I just did my tax return without entering my common-law partners income from line 236. With my significant RRSP contributions I was going to get an aprox $8700 return. My common-law spouse just completed her return and provided me with her net income amount from line 236 and when I entered it my return reduced by $2200 to $6500!

Her return went from $2200 to her owing. Combined that's over $4400 that the greedy government isn't returning to us, the rightful owners!

Last year we filed our returns as common law and didn't realize that this field made a difference to our return.

We don't see the benefit of being "common-law" and don't understand why we would be taxed higher as such. Other than sharing the same bed and home there aren't any benefits we can see.

Why is there a tax difference (we make about the same salary)? 

Would it be a "red flag" if we didn't claim ourselves as common-law but as single since we filed as common-law last year?


----------



## LBCfan (Jan 13, 2011)

While I am no tax expert, I think you may have done your initial tax return incorrectly. If you did this by computer program, did you change the "Marital Status" box as well as add in line 236? How about her?


----------



## stardancer (Apr 26, 2009)

The first time, you did not enter your c/l income, so the program gave you the full spousal exemption. When you did enter her income, the spousal exemption was cut back, as it should be. If you claimed as single, you would not get the full $8700 refund anyways, because you would not have a spousal amount.

You could file as single, but if CRA decides to check the addresses, they will question your status. If there are children involved, they will definitely check your status (and hers). This may lead to possible reassessments and penalties. 

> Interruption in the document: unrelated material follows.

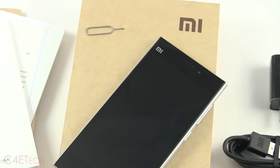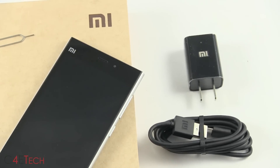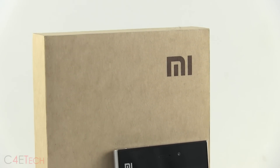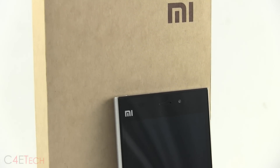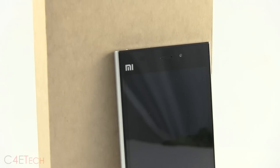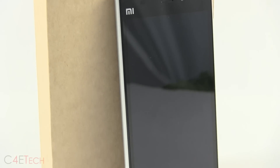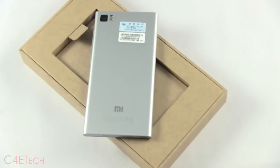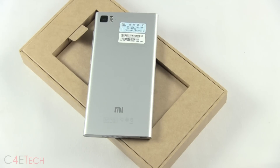There's a travel adapter as well. Unfortunately there are no earphones included, but Xiaomi has been trying to keep the cost of the phone low. It's actually sold for $327, but since it isn't intended to be sold outside China there are considerable markups involved, so from xiaomiworld.com you can get it for $489. If you're watching this video you can use the discount code C4ETech to get $10 off.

Basically, if you have been sharing a bed for 12+ months, you ARE common-law in CRA's eyes. You are not taxed higher if you are c/l or married, but your marital status affects certain credits.


----------



## OhGreatGuru (May 24, 2009)

yaman said:


> Hi there,
> 
> I just did my tax return without entering my common-law partners income from line 236. With my significant RRSP contributions I was going to get an aprox $8700 return. My common-law spouse just completed her return and provided me with her net income amount from line 236 and when I entered it my return reduced by $2200 to $6500!
> 
> ...


In order to make those differences, it sounds to me like you each filled in your returns claiming to be common-law, for which the computer program assumed you were each nominally entitled to a "Spousal Credit" of $10,382. But then each of you failed to enter (lied about) your spouse's income, which has to be deducted from this credit.

If you truly filed as "single", you would not get the spousal credit in the first place.


----------



## OptsyEagle (Nov 29, 2009)

yaman said:


> Combined that's over $4400 that the greedy government isn't returning to us, the rightful owners!

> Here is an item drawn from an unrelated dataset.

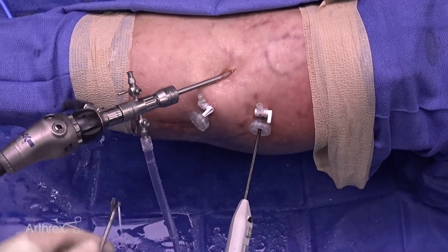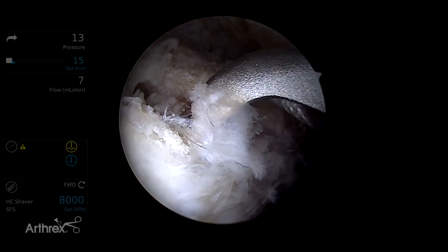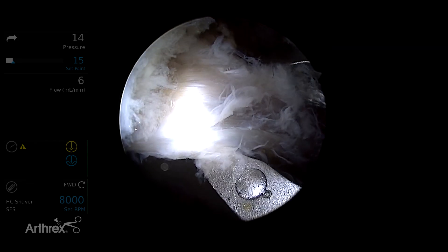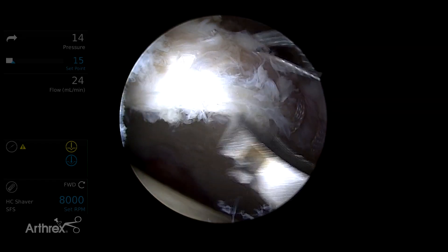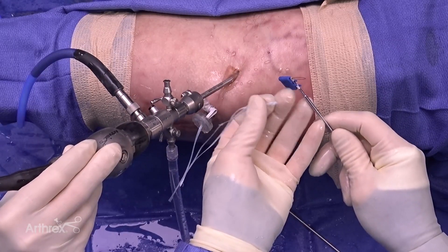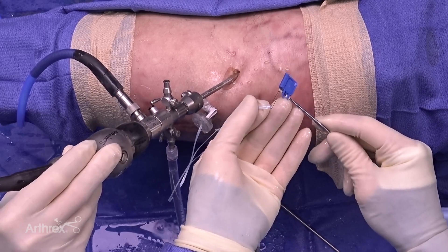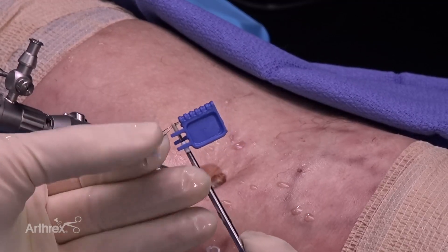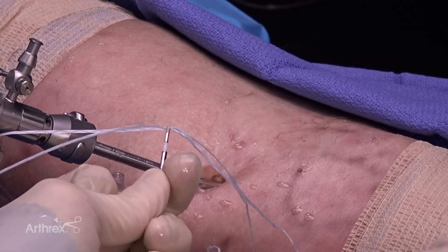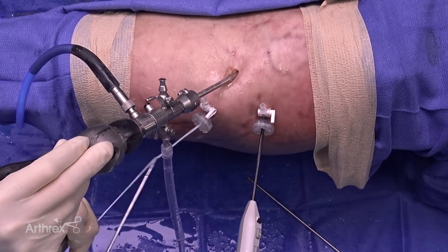This process is then repeated for the third anchor. The third anchor position is identified, again sliding off the acetabular rim to ensure you're not coming through bone. The suture is passed and retrieved. As you can see, the biocomposite anchor is small with a very minimal profile and excellent security. It is loaded simply with the suture tape and placed through — the suture tape passes very easily and is designed specifically for this purpose.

Hey, they can't give it all back to you. If they did that, I would have to pay more.

As the others have indicated, it seems like you have entered your marital status incorrectly.


----------



## yaman (Feb 26, 2011)

*thanks guys*

Hey guys - thanks appreciate it. I didn't do the scenario as a single. You're right as a single my return doesn't change, it's just if I choose common-law and my spouse having $0.00 total net income on line 236.


----------